Paul Mescal and Jessie Buckley are set to reunite after their acclaimed collaboration on Hamnet for a new feature from Benh Zeitlin, the Oscar-nominated director of Beasts of the Southern Wild. The upcoming project, titled Hold on to Your Angels, is already emerging as one of the more intriguing auteur-driven packages heading into this year’s Cannes market.
Set on the edge of South Louisiana, the film follows a “hell-bound outlaw” played by Mescal and a “ferocious shepherd of lost souls” portrayed by Buckley, who fall into what the filmmakers describe as a catastrophic love story while their crumbling bayou world slowly collapses around them. The premise immediately suggests a mix of romance, mythology, environmental decay and emotional tragedy — territory that strongly aligns with Zeitlin’s distinct cinematic voice.
The film marks Zeitlin’s first feature in six years following 2020’s Wendy, and also represents his return to the Southern landscapes and magical realism that first brought him international acclaim with Beasts of the Southern Wild. That breakthrough film earned four Academy Award nominations and established Zeitlin as one of the most visually unconventional filmmakers working in American independent cinema.
According to reports from Variety and Deadline, the project will launch as a major package at the Cannes Marché du Film, where it is expected to attract strong international attention. International sales are being handled by The Veterans, while domestic rights are represented by CAA Media Finance. Production is reportedly expected to begin in early 2027.
One of the biggest factors generating industry excitement around the film is the creative combination behind it. The project is being produced by Brad Pitt’s Plan B alongside producer Alex Coco under his Rapt Film banner. Plan B has built a reputation for backing auteur-driven prestige cinema through films such as Moonlight, 12 Years a Slave and The Tree of Life, while Coco recently gained major awards recognition through his work on Anora.

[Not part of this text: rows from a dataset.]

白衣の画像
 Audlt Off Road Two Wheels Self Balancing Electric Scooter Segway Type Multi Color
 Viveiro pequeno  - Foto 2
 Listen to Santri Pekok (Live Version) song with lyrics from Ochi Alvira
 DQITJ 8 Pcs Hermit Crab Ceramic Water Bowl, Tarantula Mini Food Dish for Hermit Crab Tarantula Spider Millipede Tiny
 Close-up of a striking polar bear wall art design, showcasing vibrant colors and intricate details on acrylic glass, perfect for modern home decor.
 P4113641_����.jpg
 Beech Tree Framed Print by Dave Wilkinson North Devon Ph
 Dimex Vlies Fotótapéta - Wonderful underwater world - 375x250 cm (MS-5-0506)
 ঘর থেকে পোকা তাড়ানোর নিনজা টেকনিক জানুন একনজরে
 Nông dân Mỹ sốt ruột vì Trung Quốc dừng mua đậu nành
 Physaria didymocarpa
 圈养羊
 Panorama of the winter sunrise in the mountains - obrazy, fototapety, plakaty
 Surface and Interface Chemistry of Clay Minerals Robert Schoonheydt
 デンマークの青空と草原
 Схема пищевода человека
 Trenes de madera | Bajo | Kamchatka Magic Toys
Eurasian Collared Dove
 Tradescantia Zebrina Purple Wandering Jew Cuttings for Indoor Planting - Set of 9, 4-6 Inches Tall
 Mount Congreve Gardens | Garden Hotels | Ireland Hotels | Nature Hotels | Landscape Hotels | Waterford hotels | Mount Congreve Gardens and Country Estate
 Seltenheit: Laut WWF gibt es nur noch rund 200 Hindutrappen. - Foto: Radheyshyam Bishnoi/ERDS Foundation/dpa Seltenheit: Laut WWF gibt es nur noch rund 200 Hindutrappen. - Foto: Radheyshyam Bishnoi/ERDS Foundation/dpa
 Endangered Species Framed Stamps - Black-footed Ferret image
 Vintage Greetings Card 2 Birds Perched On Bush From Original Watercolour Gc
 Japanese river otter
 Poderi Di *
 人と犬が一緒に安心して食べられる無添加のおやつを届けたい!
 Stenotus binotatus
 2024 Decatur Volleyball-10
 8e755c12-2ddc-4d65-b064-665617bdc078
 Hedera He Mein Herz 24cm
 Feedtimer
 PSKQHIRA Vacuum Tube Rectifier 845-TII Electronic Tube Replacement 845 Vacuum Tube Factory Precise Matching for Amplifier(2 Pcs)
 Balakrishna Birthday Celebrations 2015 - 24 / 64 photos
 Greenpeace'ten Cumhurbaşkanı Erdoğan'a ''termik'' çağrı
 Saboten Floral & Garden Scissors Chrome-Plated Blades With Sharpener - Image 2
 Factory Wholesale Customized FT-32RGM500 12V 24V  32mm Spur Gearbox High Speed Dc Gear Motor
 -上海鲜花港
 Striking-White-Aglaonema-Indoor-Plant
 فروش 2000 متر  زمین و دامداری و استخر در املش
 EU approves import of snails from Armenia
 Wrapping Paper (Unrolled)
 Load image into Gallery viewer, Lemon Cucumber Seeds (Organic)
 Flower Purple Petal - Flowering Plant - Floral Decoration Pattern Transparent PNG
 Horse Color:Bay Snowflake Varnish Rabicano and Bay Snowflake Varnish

Zeitlin also wrote the screenplay himself, and his statements about the project strongly suggest a deeply personal connection to the material. The filmmaker described Hold on to Your Angels as “the most impossible love story” he has ever witnessed, calling it “an outlaw romance for the end of America” and “a love letter to an endangered way of life.” He also revealed that the story has been evolving in his mind since the casting process for Beasts of the Southern Wild nearly seventeen years ago.
That description hints at themes far larger than a conventional romance. The Louisiana bayou setting immediately evokes concerns surrounding climate fragility, disappearing communities and environmental collapse — recurring elements throughout Zeitlin’s work. His films have consistently focused on people living at the edges of society and geography, often blending realism with dreamlike mythological imagery.
For Paul Mescal, the project continues an increasingly fascinating career trajectory that balances major studio productions with intimate auteur cinema. Alongside large-scale projects such as the upcoming Beatles films, the actor has continued gravitating toward emotionally vulnerable and artistically ambitious material. Mescal’s ability to shift between mainstream and arthouse filmmaking has quickly made him one of the most sought-after actors of his generation.
Jessie Buckley, meanwhile, appears to be entering an especially strong auteur-driven phase following her recent Oscar-winning momentum for Hamnet. The actress is already attached to projects from filmmakers such as Alice Rohrwacher and now Zeitlin, reinforcing her growing reputation as one of contemporary cinema’s most fearless performers. Her screen presence — emotionally raw, unpredictable and intensely physical — feels particularly suited to Zeitlin’s immersive storytelling style.
The project’s combination of Southern gothic atmosphere, mythic romance and ecological collapse also positions it within a growing wave of modern American independent films exploring fractured landscapes and emotional instability through poetic realism. Rather than functioning as straightforward drama, Hold on to Your Angels appears designed as something more lyrical and emotionally overwhelming.
What makes the announcement especially compelling is that the film does not sound engineered around commercial franchise logic or familiar genre formulas. Instead, it feels like the kind of ambitious filmmaker-driven cinema increasingly becoming rare within the modern studio ecosystem. Between Zeitlin’s visual imagination, Mescal and Buckley’s emotionally intense performances and the backing of Plan B, the project already carries strong festival and awards-season potential long before cameras have started rolling.
Ultimately, Hold on to Your Angels is shaping up as far more than a simple reunion between two acclaimed actors. It appears to be an emotionally mythic portrait of love and collapse set against a disappearing American landscape — exactly the kind of haunting, visually ambitious storytelling that Benh Zeitlin has built his reputation on.